We would have a strong voice on TCDC, because we would have 23.3% of the vote (not the 2.3% we have with ACC or the smudge of 1% we would have with a Greater Auckland Council), and we would have three out of twelve councillors on a council that really does consult and listen. On top of that the reorganisation proposal (http://waihekenotes.blogspot.com/2008/04/draft-reorganisation-proposal-for.html) also has the regional councillor, Simon Friar, sitting on both community boards, so both islands would have a direct line into our regional council, something we do not have now (Simon is deputy chair of the Finance & Audit Committee, a member of the Policy & Strategy Committee and the Regulatory Committee, and chair of the Regional Pest Management Committee--rats and other pests beware!).

Monday, 14 July 2008

AUCKLAND SHORT-CHANGES US ON ROADS

There are islanders who say that only the Auckland City Council has the money to keep our roads maintained. That is not correct. There is enough collected on the island in rates and charges to do what is needed, especially if millions were not carted off to the isthmus or wasted here. And if Auckland was not running things so ineptly we could get all the roading money from the government that we are entitled to, and it is doubly fair that we should because we are a tourist destination so we should get all the taxpayer subsidies on roading. But we are not.

Under Land Transport New Zealand's rules a 43% subsidy is available for maintenance and road renewal, and a 53% subsidy for new roads. But to get that your council has to make sure all its i's are dotted and its t's crossed, otherwise ratepayers will have to pay the whole cost. Auckland has not been serving us well, because over the last four years, on the figures it has supplied on a request under the Local Government Official Information & Meetings Act (LGOIMA), it has got the Hauraki Gulf Islands an average subsidy of only 16.43%.

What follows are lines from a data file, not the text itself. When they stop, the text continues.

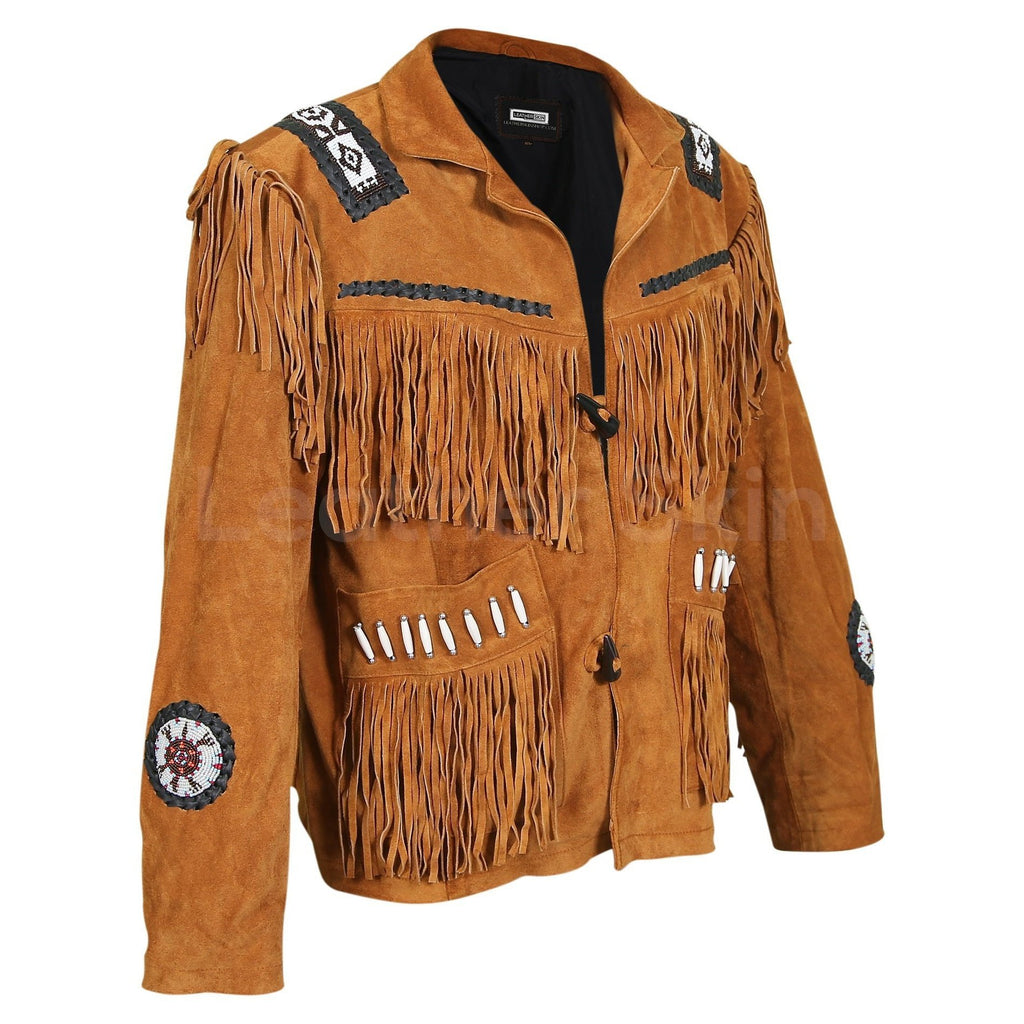 Men Brown Western Fringes with white beads decoration - Shearling leather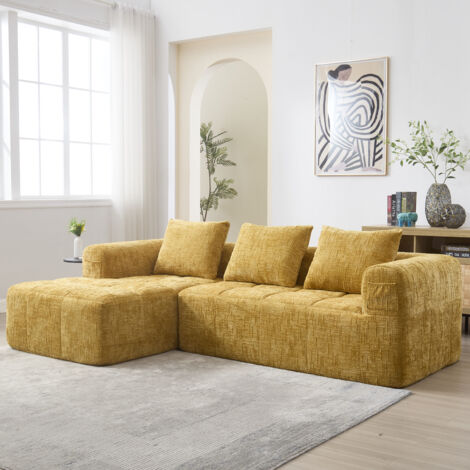 Canapé d'Angle 3 Places, Modulable avec Méridienne et Poches Latérales, Chenille, Jaune, 250 × 158 × 60 cm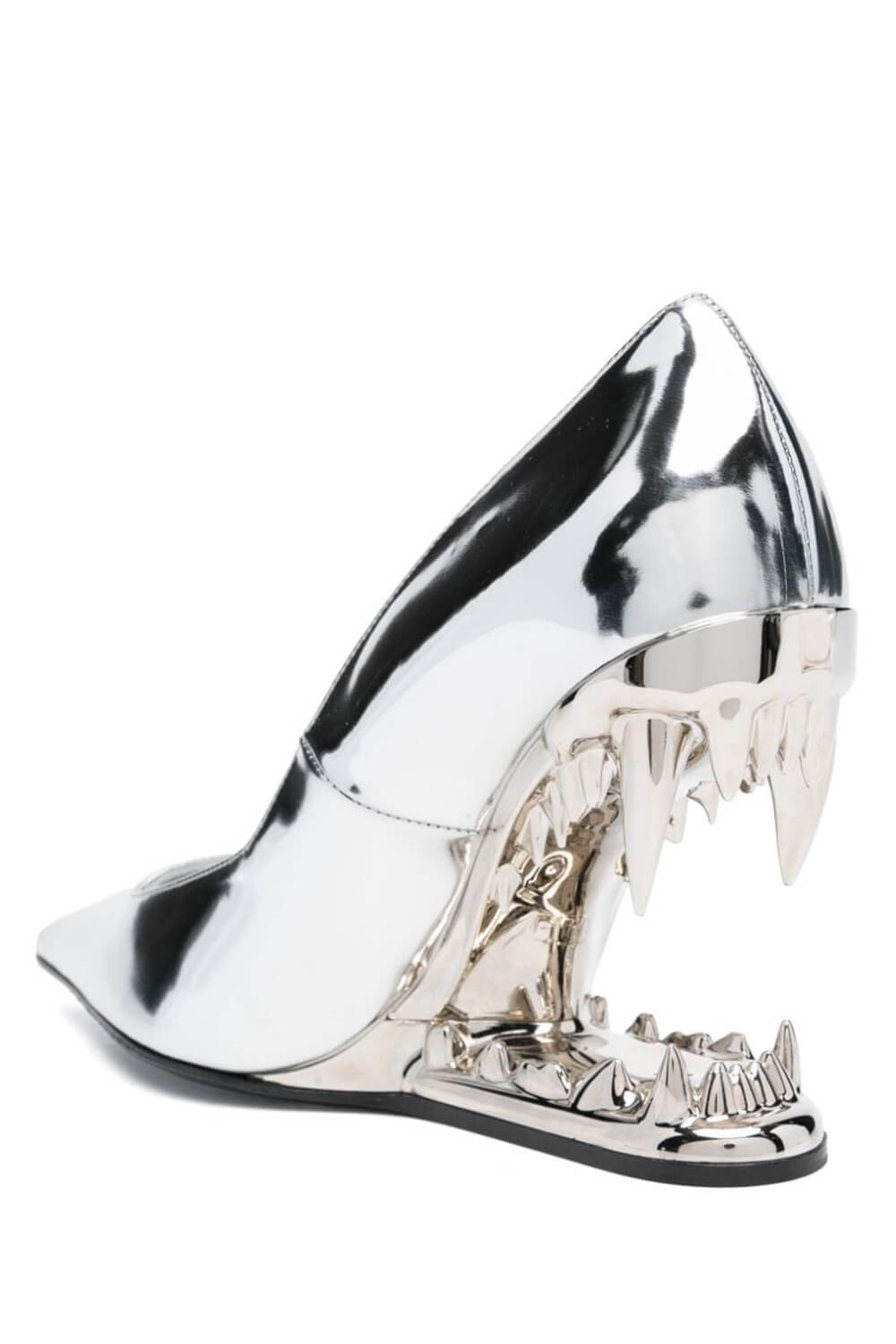 Patent Pointed Toe Morso Heeled Pumps - Silver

Thames-Coromandel District Council does a far better job. The average subsidy from its last annual report, covering the last two years, was 42%.

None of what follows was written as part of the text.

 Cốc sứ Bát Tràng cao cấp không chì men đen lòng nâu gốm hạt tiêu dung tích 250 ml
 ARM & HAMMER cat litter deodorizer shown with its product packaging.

If Auckland had been doing as well, it would have got the islands an extra $13.595 million. It didn't, so the ratepayers had to fork out that much more.

For Waiheke alone, from 2002/2003 to 2007/2008, they have to fork out an extra $4.310m, because Auckland got only $5.980 of subsidy when it should have got $10.295m (on figures supplied by Auckland under LGOIMA) if it too had been getting 42%.

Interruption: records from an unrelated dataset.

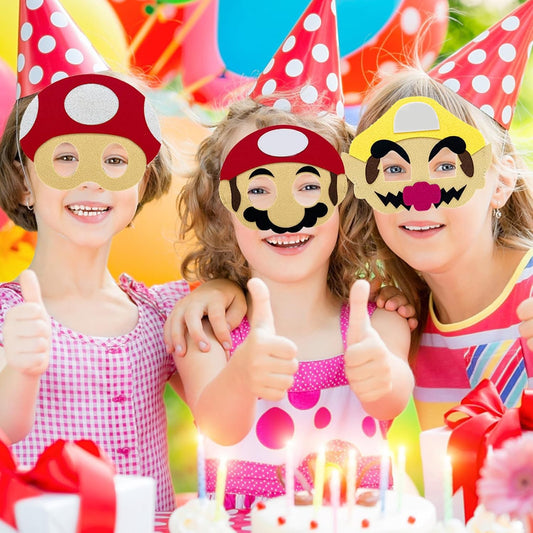 12 PCS Game Themed Felt Masks Role Play Bros Party Favors Birthday Supplies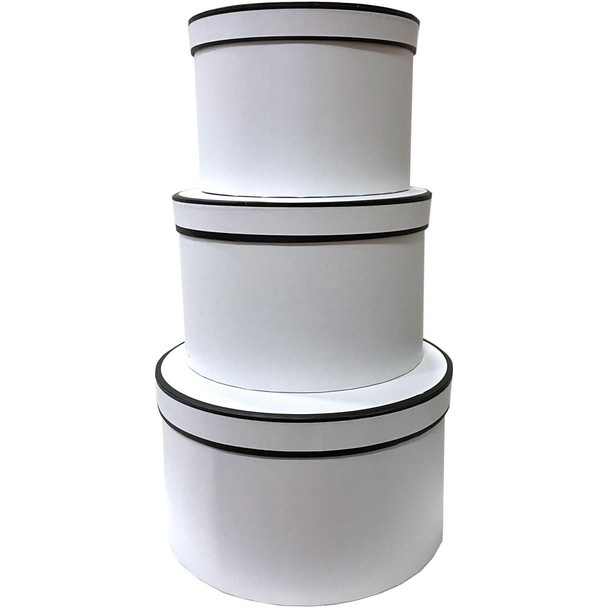 10" Designer Floral Round Box - Set of 3 - White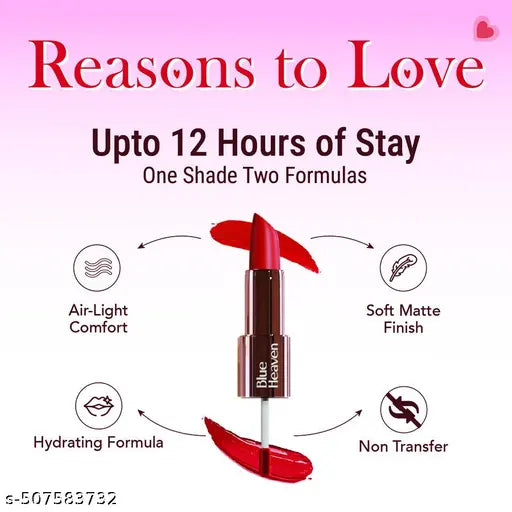 Blue Heaven Love Duo Liquid Lip Color S1  (1.5ml+4g) ( Pack of 2 )
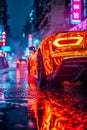 Car with glowing red and yellow lights is driving down street at night. Generative AI Royalty Free Stock Photo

The fact that Auckland's shonky management is depriving us of the full LTNZ subsidy also skews its expenditure figures for Waiheke. In 2006/2007 it collected $15.1 million off us and spent $19.6 million. But $2.45 million of that was our 'allocation' for 'governance'--i.e., what we paid, on top of the $1.7 million we paid for our own service centre, to prop up the empire over the water. On top of that we paid $614,000 to Auckland's roading and transport. That totals $3.1 million. Knock that off $19.6, and it comes down to $16.5, which would have made us only $1.4 million over income. But then it missed out on $1.1 million of Land Transport subsidy for us, so we should have been only $300,000 over breaking even. That would have been easy to save, because we could easily slice 10% off Auckland's wastage--i.e., $1.5 million--so we should have been quids in.

The more of Auckland's mediocre performance one uncovers the more one thinks that that outfit could not manage its way out of the proverbial wet paper-bag with the help of nuclear weapons and a squadron of bulldozers.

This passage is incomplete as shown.